2023 Mar 26 - French Protests

The clocks are going back this weekend, which means that commuters on Southern Rail might be lucky enough to see the trains turn up 20 minutes early. Unfortunately it's a busy weekend for staff at Windsor Castle where gardening team will have to rotate all the sundials by 15 degrees

There was the inquiry into Partygate, setting out to determine whether Boris was suitable to manage a party, whether it be the the Conservative Party or that other one with all the wine

Anger in cheshire after a woman was buried at the wrong grave. I can't blame the husband for being angry at the gravedigger, I bet he lost the plot

Somewhere else that lost the plot this week was France and Paris especially where it's just been a constant orgy of destruction with protestors taking to the streets to protest the government. I saw a baker being interviewed and he said that his mother's sister was very angry, something about a cross aunt. Officially, the protesting is about the government's decision to raise the retirement age from 62 to 64 but in reality there's a lot of other things going on here, from how much the sanitation workers get paid to the price of fuel and then you have the farmers enviously seeing what just happened across the border in Holland where there Farmer–Citizen Movement managed to somehow go from one seat to becoming the largest party in the upper chamber.

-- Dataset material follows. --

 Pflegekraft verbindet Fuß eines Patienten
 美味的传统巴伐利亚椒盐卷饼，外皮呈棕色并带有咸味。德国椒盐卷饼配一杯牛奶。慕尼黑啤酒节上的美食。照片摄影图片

But back to France. Charles de Gaulle said "How can anyone govern a nation that has two hundred and forty-six different kinds of cheese?" The answer in this case is a little part of the French Constitution, 49 subsection 3, which gives the President almost absolute power to push through laws unless the parliament votes to dissolve the assembly in protest. It's the power that De Gaulle himself designed for handling the Algerian crisis in the 60s and in this case they weren't keen to bring down the government over what would a common sense issue in most countries. Although it is of course not the same as other countries. They eat snails, for instance, largely I think due to a misunderstanding about it not being fast food. And the started building the Eiffel Tower but seemingly never finished it because the last time I visited, it looked like it still had a huge metal scaffolding around it. You also have its history as a hotbed of multiple revolutions although I was once told that you should never joke about French history because it is nothing to Lafayette. You can keep these jokes by the way, they're french and therefore royalty free. As to the protestors, best of luck to them I guess but if they don't like President Macron, they should maybe have not voted him in, twice. One other piece of advice I'll give out is that if you get arrested and want to escape, try shouting angrily in German, that seems to work from what I hear.